The popularity of stock options is increasingly losing interest by those who run companies. While many factors have played a role to their decline over the last 10 years, three concerns have been raised including: the expenses associated with the stock option often is more than the value perceived by the employees, When a company’s stock value falls drastically and the options have no chance at being-in-the-money, the company faces an expense and must deal with overhang, with no way of getting rid of them and finally stock options do not give employees any drive to work harder. Learn more about Jeremy Goldstein: and

Stock options recipients benefit from options. Employees only benefit if the stock price goes up and options strongly encourage employees to increase stock price, specifically those in high-growth industries. Stock options are easier to explain to employees.

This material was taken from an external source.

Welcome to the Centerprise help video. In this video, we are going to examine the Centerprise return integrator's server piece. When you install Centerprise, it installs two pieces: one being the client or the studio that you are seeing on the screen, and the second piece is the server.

Options are easier to deliver than the other forms of equity compensation. Companies must find a way to use stock options while decreasing the compensation expense that is part of their grant and to solve the problem of continuing expenses and overhang, especially when the option significantly falls.

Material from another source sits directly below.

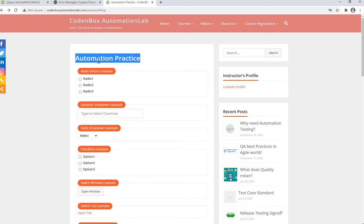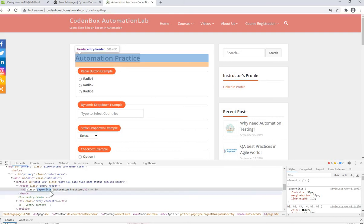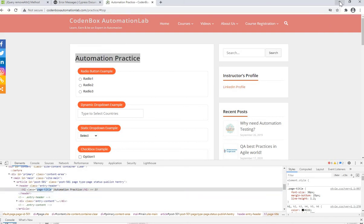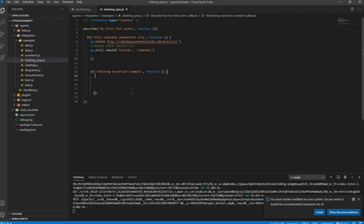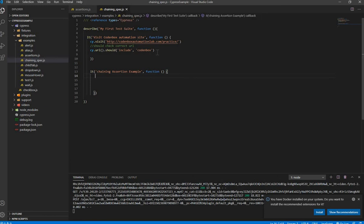That's called chaining assertions — doing multiple assertions on the same test case. It's simple but good to know. We can use the class attribute to create a CSS selector. Here in VS Code, I created a spec file called chaining-as-spec.js, with a describe block, an it block to launch the site, and another it block for applying chaining assertions.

To solve most of these problems, Jeremy Goldstein offers the idea of the “knockout” stock option. These options will be forfeited if the price tied to the option falls below a certain point. Jeremy Goldstein suggests that in order to avoid the automatic forfeiture, knockout options should only be forfeited if the price falls below a set threshold for a length of time such as 5 or 10 trading days.

Jeremy Goldstein is one of New York’s top corporate lawyers, amassing more than 15 years of experience as a business lawyer.

Goldstein established his own law firm in New York. He has been a part of many of the country’s largest corporate transactions of the last 30 years.